Recorded data
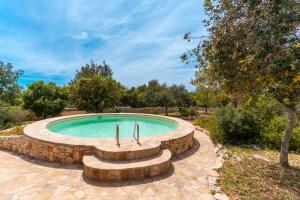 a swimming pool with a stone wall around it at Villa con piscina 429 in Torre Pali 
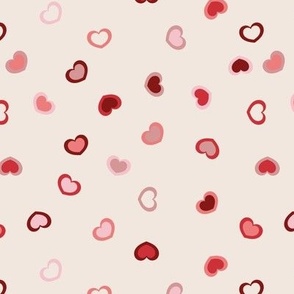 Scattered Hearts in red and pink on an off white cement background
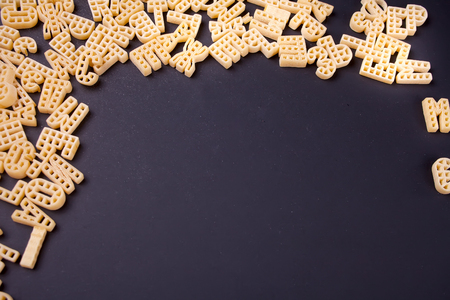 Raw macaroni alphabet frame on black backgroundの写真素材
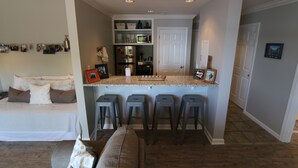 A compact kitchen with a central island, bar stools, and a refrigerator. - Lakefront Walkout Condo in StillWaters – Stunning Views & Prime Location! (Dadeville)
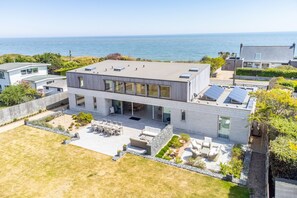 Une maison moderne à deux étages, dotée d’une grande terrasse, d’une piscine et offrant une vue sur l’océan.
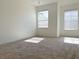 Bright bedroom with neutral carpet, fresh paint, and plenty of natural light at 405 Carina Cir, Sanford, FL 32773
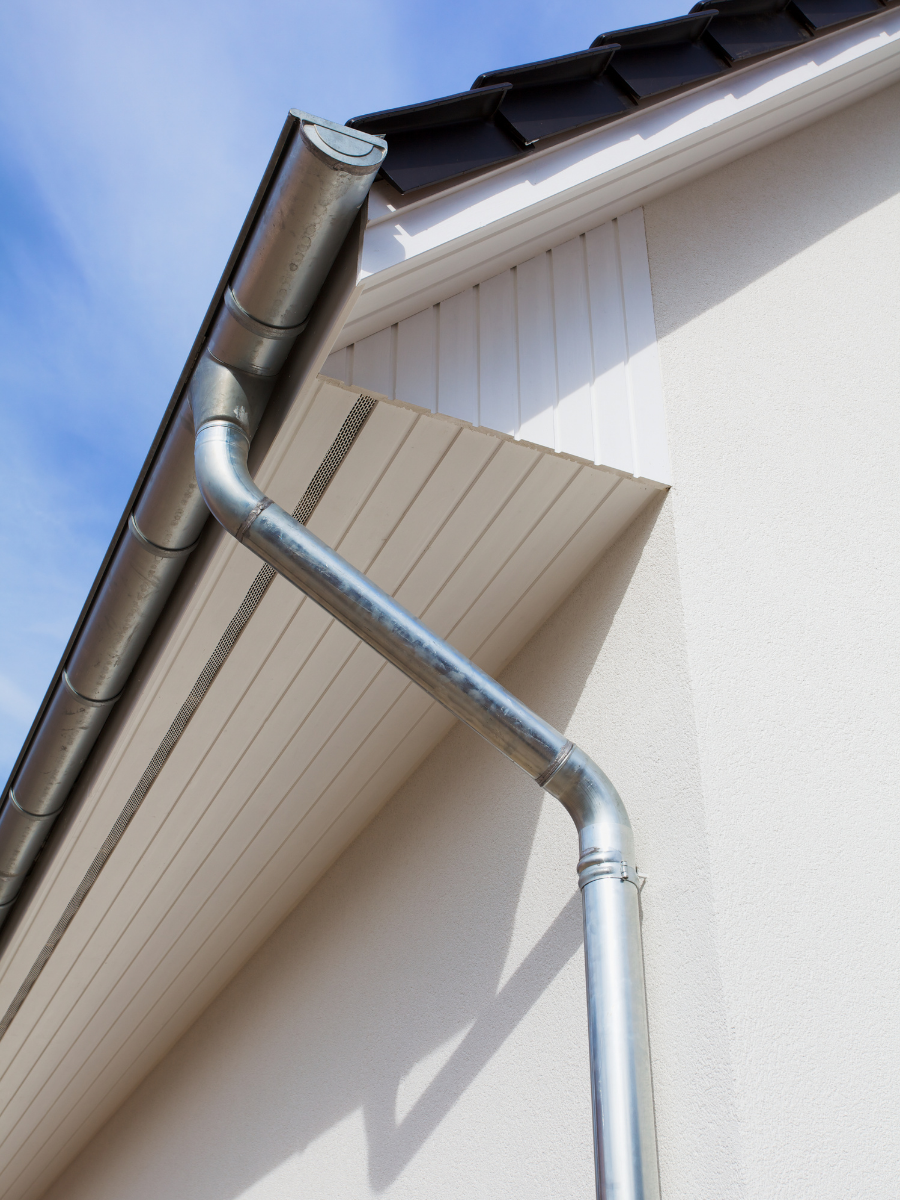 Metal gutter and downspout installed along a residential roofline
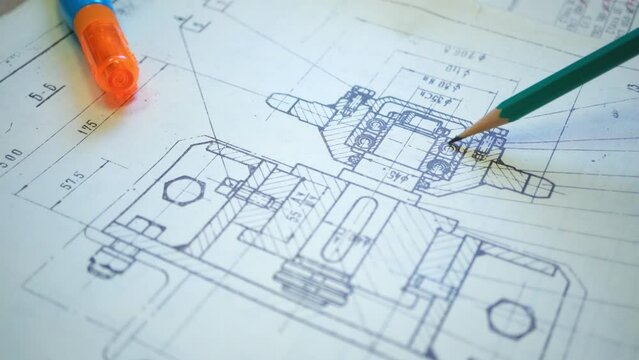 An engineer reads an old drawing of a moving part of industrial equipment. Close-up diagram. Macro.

### DIRECTIONS FOR THIS TASK:
Please copy every entry exactly, without the pictures.

### RESULT OF THIS TASK:
 a swimming pool with a stone wall around it at Villa con piscina 429 in Torre Pali 
 Scattered Hearts in red and pink on an off white cement background
 Raw macaroni alphabet frame on black backgroundの写真素材
 A compact kitchen with a central island, bar stools, and a refrigerator. - Lakefront Walkout Condo in StillWaters – Stunning Views & Prime Location! (Dadeville)
 Une maison moderne à deux étages, dotée d’une grande terrasse, d’une piscine et offrant une vue sur l’océan.
 Bright bedroom with neutral carpet, fresh paint, and plenty of natural light at 405 Carina Cir, Sanford, FL 32773
 Metal gutter and downspout installed along a residential roofline
 An engineer reads an old drawing of a moving part of industrial equipment. Close-up diagram. Macro.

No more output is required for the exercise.